Monthly revenue growth is a key performance indicator (KPI) used to measure how much a trampoline park’s monthly revenue has increased or decreased over the same month compared to the previous year. This is an important metric for understanding overall financial performance and can help indicate whether a trampoline park is meeting its financial goals.

Benefits of Tracking

Tracking monthly revenue growth can provide trampoline park owners with valuable insight into their financial performance. It is an important indicator of business health and can help owners identify areas of growth and opportunity.

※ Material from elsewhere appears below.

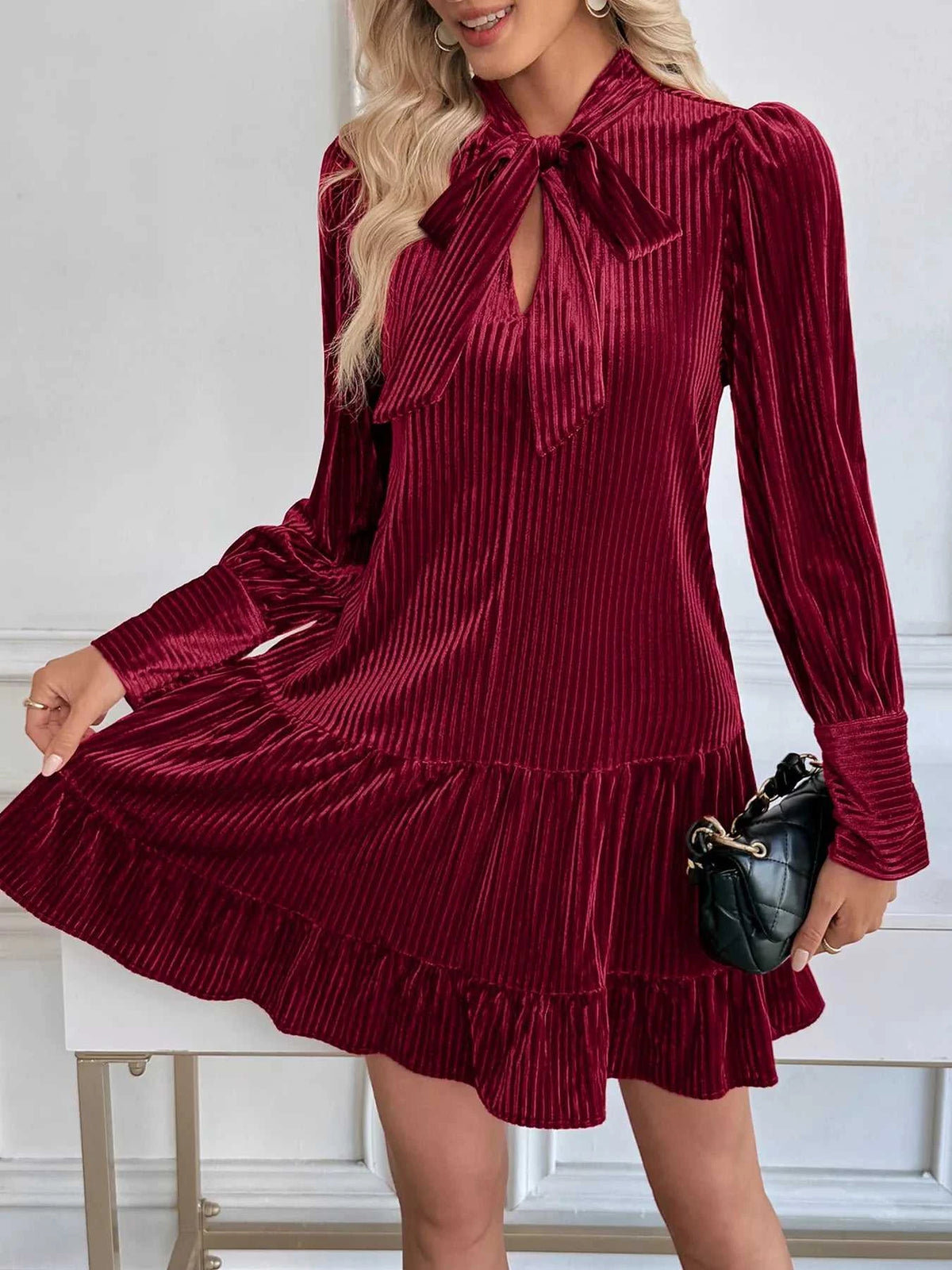 Velvet Tie Front Tiered Mini Dress 100100994495878 52 Affordable Fashion Under $100 Jerry's Apparel 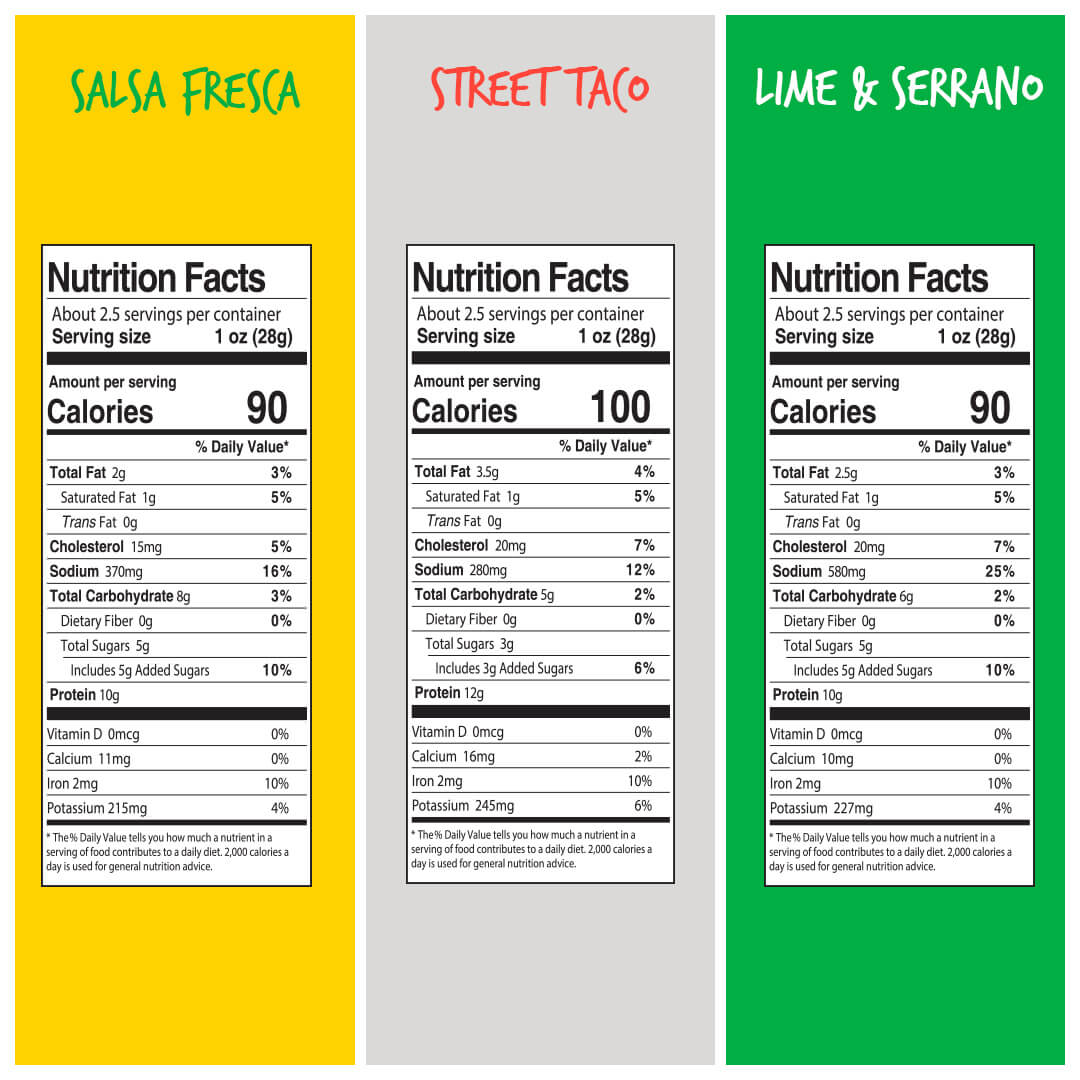 Variety Pack Fiesta Nutrition Label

  • Gives an indication of overall financial performance
  • Helps identify areas of growth and opportunity
  • Provides insight into financial trends

Industry Benchmarks

Industry benchmarks for monthly revenue growth vary depending on the size and type of trampoline park. Typically, for larger parks, 5-10% monthly revenue growth is considered good, while for smaller parks, it could be double that amount.

How to calculate

Monthly revenue growth is calculated by subtracting the same month’s revenue from the previous year from the current month’s revenue, then dividing that number by the same month’s revenue from the previous year. The formula is:

Monthly Revenue Growth = (Current Month Revenue – Previous Year Same Month Revenue) / Same Month Previous Year Revenue

Calculation example

For example, if a trampoline park’s revenue in January 2021 was ,000 and its revenue in January 2020 was ,000, its monthly revenue growth would be calculated as follows:

Monthly revenue growth = (,000 – ,000) / ,000 = 11.11%

Tips and tricks

  • Track monthly revenue growth over time to identify trends and adjust operations accordingly.
  • Compare monthly revenue growth to industry benchmarks to ensure the trampoline park is performing as expected.
  • Monitor monthly revenue growth alongside other KPIs, such as customer satisfaction and total visits, to get a more complete picture of business performance.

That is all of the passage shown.